I considered heading directly inland, through Hecate’s Canyon, where coyotes prowled and where the buried bodies of at least two murdered girls—victims of the art teacher, Arliss Clerebold—had never been found.
Nope.
Instead, I picked up the satchel and, leaning to the right as though I remained on a listing deck, I stepped within sight of the breaking surf and followed it north, which was to my right as I faced the Pacific. In this white wilderness, the water line was the only reliable guide available to me.
According to the GPS sea map on the tugboat bridge, the cove had a crescent beach that curved between the steep slopes that formed the terminus of the canyon. At the northwest end of the cove, the beach continued north along the coast all the way past town to the harbor.

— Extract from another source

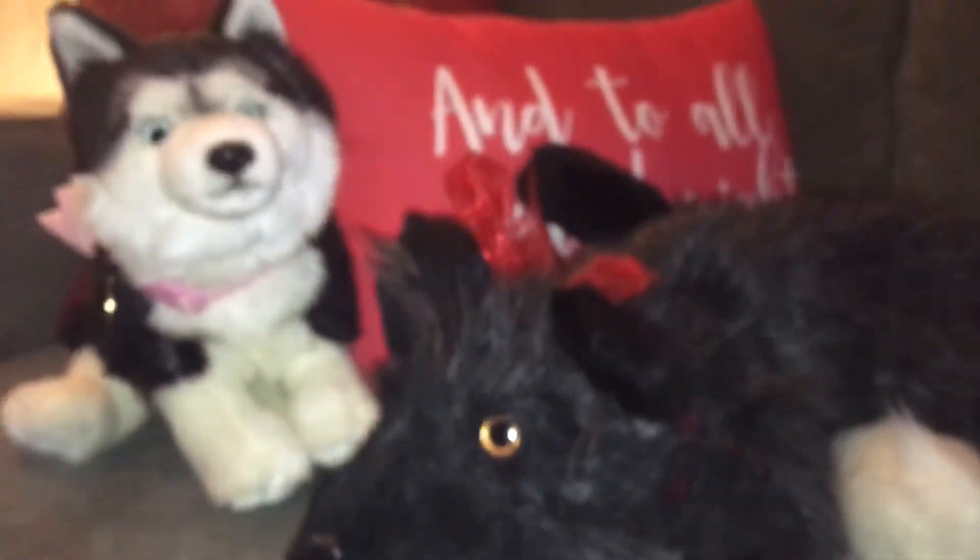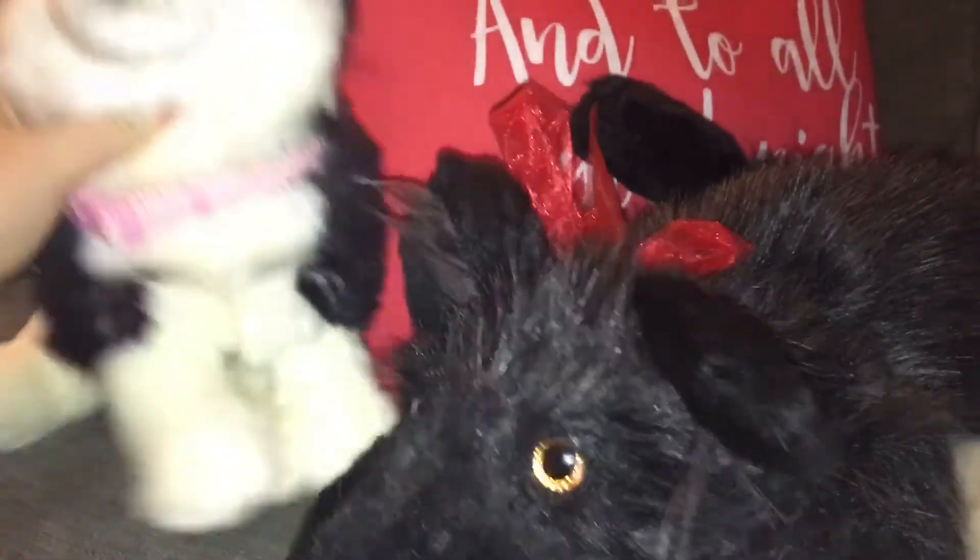He could probably make his legs floppier. I don't know why this is not focusing. There we go. Here's Aster. And I think I'm gonna name this guy Malachi, but I haven't really decided yet on a name for him. He's super soft and his tail is really fluffy. He's super cute.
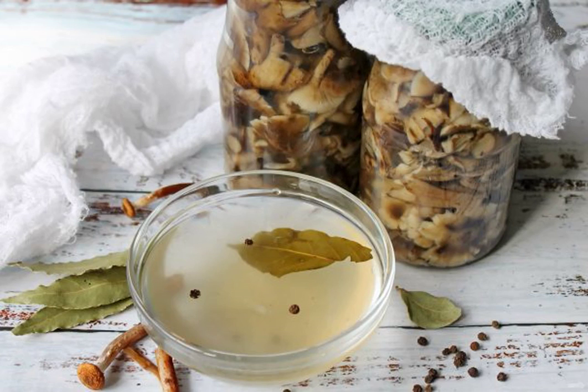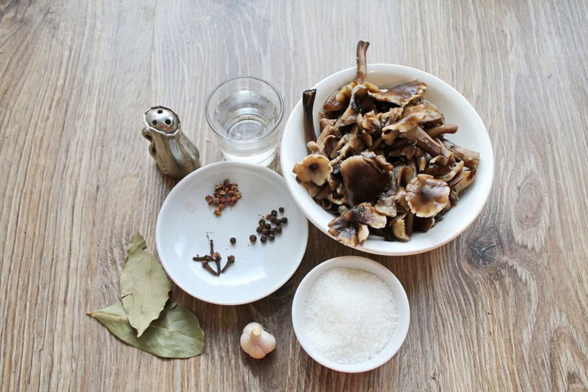Honey mushrooms are one of the most fragrant and dense mushrooms that you need to stock up for the winter. Here is my favorite brine for harvesting honeydew. Prepare all the necessary ingredients for making the brine. The mushrooms themselves are already prepared and boiled.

That turn, from cove to coastal shore, could be underwater at high tide. Fortunately, this was not high tide, and at a brisk walk I reached the main beach in two or three minutes.
A bluff diminished northward for the next quarter of a mile or more. I followed it until it petered out, and then headed inland until I came to Magic Beach’s quaint concrete boardwalk, on which I continued north.
I was tired. The events of the night justified my weariness. I felt that it would be within my rights to lie down for a nice sleep on the boardwalk, and to hell with the in-line skaters whose early-morning speedfest would be presented with one more obstacle in addition to the usual old men with canes and little old ladies with walkers.
Weariness alone did not explain my increasing difficulty with the leather satchel. Weary or not, the farther you carry any heavy burden, the heavier it seems, but neither did that truth solve the puzzle of the rapidly escalating weight. I had been lugging the bag for less than ten minutes, and already it felt twice as heavy as when I had dropped it over the tugboat railing.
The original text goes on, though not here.